▸ What you need to do
Repeat the records below word for word.

Supplied records START

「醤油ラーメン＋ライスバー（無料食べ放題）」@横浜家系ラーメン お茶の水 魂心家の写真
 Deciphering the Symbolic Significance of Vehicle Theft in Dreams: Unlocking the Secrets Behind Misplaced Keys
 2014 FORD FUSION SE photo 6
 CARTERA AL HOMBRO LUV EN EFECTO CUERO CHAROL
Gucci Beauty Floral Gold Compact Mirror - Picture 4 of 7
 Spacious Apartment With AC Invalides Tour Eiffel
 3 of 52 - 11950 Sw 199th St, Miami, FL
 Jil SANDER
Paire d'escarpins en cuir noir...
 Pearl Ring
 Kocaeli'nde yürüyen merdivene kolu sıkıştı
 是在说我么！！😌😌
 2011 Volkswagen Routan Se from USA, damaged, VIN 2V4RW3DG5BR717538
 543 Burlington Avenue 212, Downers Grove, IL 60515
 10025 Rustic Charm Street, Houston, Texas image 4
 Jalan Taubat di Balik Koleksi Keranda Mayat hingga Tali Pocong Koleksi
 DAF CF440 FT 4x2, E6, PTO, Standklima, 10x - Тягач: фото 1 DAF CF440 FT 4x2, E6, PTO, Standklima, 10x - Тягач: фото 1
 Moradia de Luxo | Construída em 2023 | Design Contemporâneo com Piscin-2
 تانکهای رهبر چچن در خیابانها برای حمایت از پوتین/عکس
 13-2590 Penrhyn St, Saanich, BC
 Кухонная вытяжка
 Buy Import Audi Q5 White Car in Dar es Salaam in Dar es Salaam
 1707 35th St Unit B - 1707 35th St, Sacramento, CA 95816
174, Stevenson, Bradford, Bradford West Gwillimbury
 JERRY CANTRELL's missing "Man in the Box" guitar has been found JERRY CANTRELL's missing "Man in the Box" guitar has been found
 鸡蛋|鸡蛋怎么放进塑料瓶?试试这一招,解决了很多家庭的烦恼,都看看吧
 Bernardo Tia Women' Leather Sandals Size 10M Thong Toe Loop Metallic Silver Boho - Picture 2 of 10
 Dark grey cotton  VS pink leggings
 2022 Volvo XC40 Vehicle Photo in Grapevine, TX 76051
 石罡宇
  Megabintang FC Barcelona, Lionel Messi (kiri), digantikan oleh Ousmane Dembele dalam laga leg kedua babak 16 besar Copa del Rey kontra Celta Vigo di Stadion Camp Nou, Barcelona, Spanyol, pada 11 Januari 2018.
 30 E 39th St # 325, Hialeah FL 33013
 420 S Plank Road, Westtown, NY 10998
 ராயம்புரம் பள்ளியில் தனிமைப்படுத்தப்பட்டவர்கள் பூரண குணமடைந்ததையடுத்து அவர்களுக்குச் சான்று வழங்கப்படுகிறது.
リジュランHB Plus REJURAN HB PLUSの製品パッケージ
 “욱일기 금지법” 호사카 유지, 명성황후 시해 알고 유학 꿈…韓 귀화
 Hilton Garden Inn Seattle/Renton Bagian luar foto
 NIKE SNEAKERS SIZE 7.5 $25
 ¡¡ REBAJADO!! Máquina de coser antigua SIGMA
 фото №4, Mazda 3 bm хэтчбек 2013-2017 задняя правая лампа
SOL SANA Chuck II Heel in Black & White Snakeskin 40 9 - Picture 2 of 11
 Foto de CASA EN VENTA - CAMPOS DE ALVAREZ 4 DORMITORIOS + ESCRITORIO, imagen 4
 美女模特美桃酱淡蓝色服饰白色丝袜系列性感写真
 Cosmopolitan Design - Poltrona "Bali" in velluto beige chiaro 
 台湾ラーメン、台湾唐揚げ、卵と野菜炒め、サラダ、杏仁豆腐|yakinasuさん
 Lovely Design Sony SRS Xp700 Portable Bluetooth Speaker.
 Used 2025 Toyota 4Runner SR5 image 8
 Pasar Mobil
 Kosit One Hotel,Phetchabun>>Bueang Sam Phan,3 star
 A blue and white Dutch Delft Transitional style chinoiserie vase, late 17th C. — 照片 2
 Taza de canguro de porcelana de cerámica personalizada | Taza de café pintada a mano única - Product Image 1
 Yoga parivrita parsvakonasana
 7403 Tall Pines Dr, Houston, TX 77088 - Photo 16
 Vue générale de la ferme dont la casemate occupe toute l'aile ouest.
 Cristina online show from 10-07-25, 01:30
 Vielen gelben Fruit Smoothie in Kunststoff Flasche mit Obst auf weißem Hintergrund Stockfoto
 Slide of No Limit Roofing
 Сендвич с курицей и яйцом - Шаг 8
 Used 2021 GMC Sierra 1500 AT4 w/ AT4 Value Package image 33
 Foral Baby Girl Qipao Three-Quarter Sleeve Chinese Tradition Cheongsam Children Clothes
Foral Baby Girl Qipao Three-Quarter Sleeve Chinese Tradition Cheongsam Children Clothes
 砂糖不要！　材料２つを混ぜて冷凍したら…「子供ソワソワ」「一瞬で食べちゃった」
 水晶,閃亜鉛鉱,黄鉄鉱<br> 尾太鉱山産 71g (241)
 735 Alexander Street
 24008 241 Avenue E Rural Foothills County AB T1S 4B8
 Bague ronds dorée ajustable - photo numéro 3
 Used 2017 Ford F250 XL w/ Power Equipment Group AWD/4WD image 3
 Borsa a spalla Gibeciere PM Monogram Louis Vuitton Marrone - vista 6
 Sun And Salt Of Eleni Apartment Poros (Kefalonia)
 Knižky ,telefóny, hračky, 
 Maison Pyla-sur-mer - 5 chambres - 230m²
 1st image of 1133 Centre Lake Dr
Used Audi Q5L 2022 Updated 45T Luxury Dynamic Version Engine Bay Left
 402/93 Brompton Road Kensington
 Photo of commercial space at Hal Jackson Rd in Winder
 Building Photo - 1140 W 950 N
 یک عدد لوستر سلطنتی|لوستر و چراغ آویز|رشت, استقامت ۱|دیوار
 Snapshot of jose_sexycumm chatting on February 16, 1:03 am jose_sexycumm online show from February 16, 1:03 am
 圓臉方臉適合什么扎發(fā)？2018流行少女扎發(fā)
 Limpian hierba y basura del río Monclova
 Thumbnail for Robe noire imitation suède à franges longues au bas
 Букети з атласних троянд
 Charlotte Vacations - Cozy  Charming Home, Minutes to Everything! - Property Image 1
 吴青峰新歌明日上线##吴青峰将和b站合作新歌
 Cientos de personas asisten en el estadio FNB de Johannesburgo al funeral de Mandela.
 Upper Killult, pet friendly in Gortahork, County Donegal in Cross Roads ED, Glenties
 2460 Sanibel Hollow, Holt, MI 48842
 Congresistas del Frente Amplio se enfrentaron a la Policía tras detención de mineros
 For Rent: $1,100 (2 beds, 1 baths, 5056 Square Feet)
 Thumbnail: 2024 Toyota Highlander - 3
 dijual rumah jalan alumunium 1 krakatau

Supplied records END

▸ Result of this exercise
「醤油ラーメン＋ライスバー（無料食べ放題）」@横浜家系ラーメン お茶の水 魂心家の写真
 Deciphering the Symbolic Significance of Vehicle Theft in Dreams: Unlocking the Secrets Behind Misplaced Keys
 2014 FORD FUSION SE photo 6
 CARTERA AL HOMBRO LUV EN EFECTO CUERO CHAROL
Gucci Beauty Floral Gold Compact Mirror - Picture 4 of 7
 Spacious Apartment With AC Invalides Tour Eiffel
 3 of 52 - 11950 Sw 199th St, Miami, FL
 Jil SANDER
Paire d'escarpins en cuir noir...
 Pearl Ring
 Kocaeli'nde yürüyen merdivene kolu sıkıştı
 是在说我么！！😌😌
 2011 Volkswagen Routan Se from USA, damaged, VIN 2V4RW3DG5BR717538
 543 Burlington Avenue 212, Downers Grove, IL 60515
 10025 Rustic Charm Street, Houston, Texas image 4
 Jalan Taubat di Balik Koleksi Keranda Mayat hingga Tali Pocong Koleksi
 DAF CF440 FT 4x2, E6, PTO, Standklima, 10x - Тягач: фото 1 DAF CF440 FT 4x2, E6, PTO, Standklima, 10x - Тягач: фото 1
 Moradia de Luxo | Construída em 2023 | Design Contemporâneo com Piscin-2
 تانکهای رهبر چچن در خیابانها برای حمایت از پوتین/عکس
 13-2590 Penrhyn St, Saanich, BC
 Кухонная вытяжка
 Buy Import Audi Q5 White Car in Dar es Salaam in Dar es Salaam
 1707 35th St Unit B - 1707 35th St, Sacramento, CA 95816
174, Stevenson, Bradford, Bradford West Gwillimbury
 JERRY CANTRELL's missing "Man in the Box" guitar has been found JERRY CANTRELL's missing "Man in the Box" guitar has been found
 鸡蛋|鸡蛋怎么放进塑料瓶?试试这一招,解决了很多家庭的烦恼,都看看吧
 Bernardo Tia Women' Leather Sandals Size 10M Thong Toe Loop Metallic Silver Boho - Picture 2 of 10
 Dark grey cotton  VS pink leggings
 2022 Volvo XC40 Vehicle Photo in Grapevine, TX 76051
 石罡宇
  Megabintang FC Barcelona, Lionel Messi (kiri), digantikan oleh Ousmane Dembele dalam laga leg kedua babak 16 besar Copa del Rey kontra Celta Vigo di Stadion Camp Nou, Barcelona, Spanyol, pada 11 Januari 2018.
 30 E 39th St # 325, Hialeah FL 33013
 420 S Plank Road, Westtown, NY 10998
 ராயம்புரம் பள்ளியில் தனிமைப்படுத்தப்பட்டவர்கள் பூரண குணமடைந்ததையடுத்து அவர்களுக்குச் சான்று வழங்கப்படுகிறது.
リジュランHB Plus REJURAN HB PLUSの製品パッケージ
 “욱일기 금지법” 호사카 유지, 명성황후 시해 알고 유학 꿈…韓 귀화
 Hilton Garden Inn Seattle/Renton Bagian luar foto
 NIKE SNEAKERS SIZE 7.5 $25
 ¡¡ REBAJADO!! Máquina de coser antigua SIGMA
 фото №4, Mazda 3 bm хэтчбек 2013-2017 задняя правая лампа
SOL SANA Chuck II Heel in Black & White Snakeskin 40 9 - Picture 2 of 11
 Foto de CASA EN VENTA - CAMPOS DE ALVAREZ 4 DORMITORIOS + ESCRITORIO, imagen 4
 美女模特美桃酱淡蓝色服饰白色丝袜系列性感写真
 Cosmopolitan Design - Poltrona "Bali" in velluto beige chiaro 
 台湾ラーメン、台湾唐揚げ、卵と野菜炒め、サラダ、杏仁豆腐|yakinasuさん
 Lovely Design Sony SRS Xp700 Portable Bluetooth Speaker.
 Used 2025 Toyota 4Runner SR5 image 8
 Pasar Mobil
 Kosit One Hotel,Phetchabun>>Bueang Sam Phan,3 star
 A blue and white Dutch Delft Transitional style chinoiserie vase, late 17th C. — 照片 2
 Taza de canguro de porcelana de cerámica personalizada | Taza de café pintada a mano única - Product Image 1
 Yoga parivrita parsvakonasana
 7403 Tall Pines Dr, Houston, TX 77088 - Photo 16
 Vue générale de la ferme dont la casemate occupe toute l'aile ouest.
 Cristina online show from 10-07-25, 01:30
 Vielen gelben Fruit Smoothie in Kunststoff Flasche mit Obst auf weißem Hintergrund Stockfoto
 Slide of No Limit Roofing
 Сендвич с курицей и яйцом - Шаг 8
 Used 2021 GMC Sierra 1500 AT4 w/ AT4 Value Package image 33
 Foral Baby Girl Qipao Three-Quarter Sleeve Chinese Tradition Cheongsam Children Clothes
Foral Baby Girl Qipao Three-Quarter Sleeve Chinese Tradition Cheongsam Children Clothes
 砂糖不要！　材料２つを混ぜて冷凍したら…「子供ソワソワ」「一瞬で食べちゃった」
 水晶,閃亜鉛鉱,黄鉄鉱<br> 尾太鉱山産 71g (241)
 735 Alexander Street
 24008 241 Avenue E Rural Foothills County AB T1S 4B8
 Bague ronds dorée ajustable - photo numéro 3
 Used 2017 Ford F250 XL w/ Power Equipment Group AWD/4WD image 3
 Borsa a spalla Gibeciere PM Monogram Louis Vuitton Marrone - vista 6
 Sun And Salt Of Eleni Apartment Poros (Kefalonia)
 Knižky ,telefóny, hračky, 
 Maison Pyla-sur-mer - 5 chambres - 230m²
 1st image of 1133 Centre Lake Dr
Used Audi Q5L 2022 Updated 45T Luxury Dynamic Version Engine Bay Left
 402/93 Brompton Road Kensington
 Photo of commercial space at Hal Jackson Rd in Winder
 Building Photo - 1140 W 950 N
 یک عدد لوستر سلطنتی|لوستر و چراغ آویز|رشت, استقامت ۱|دیوار
 Snapshot of jose_sexycumm chatting on February 16, 1:03 am jose_sexycumm online show from February 16, 1:03 am
 圓臉方臉適合什么扎發(fā)？2018流行少女扎發(fā)
 Limpian hierba y basura del río Monclova
 Thumbnail for Robe noire imitation suède à franges longues au bas
 Букети з атласних троянд
 Charlotte Vacations - Cozy  Charming Home, Minutes to Everything! - Property Image 1
 吴青峰新歌明日上线##吴青峰将和b站合作新歌
 Cientos de personas asisten en el estadio FNB de Johannesburgo al funeral de Mandela.
 Upper Killult, pet friendly in Gortahork, County Donegal in Cross Roads ED, Glenties
 2460 Sanibel Hollow, Holt, MI 48842
 Congresistas del Frente Amplio se enfrentaron a la Policía tras detención de mineros
 For Rent: $1,100 (2 beds, 1 baths, 5056 Square Feet)
 Thumbnail: 2024 Toyota Highlander - 3
 dijual rumah jalan alumunium 1 krakatau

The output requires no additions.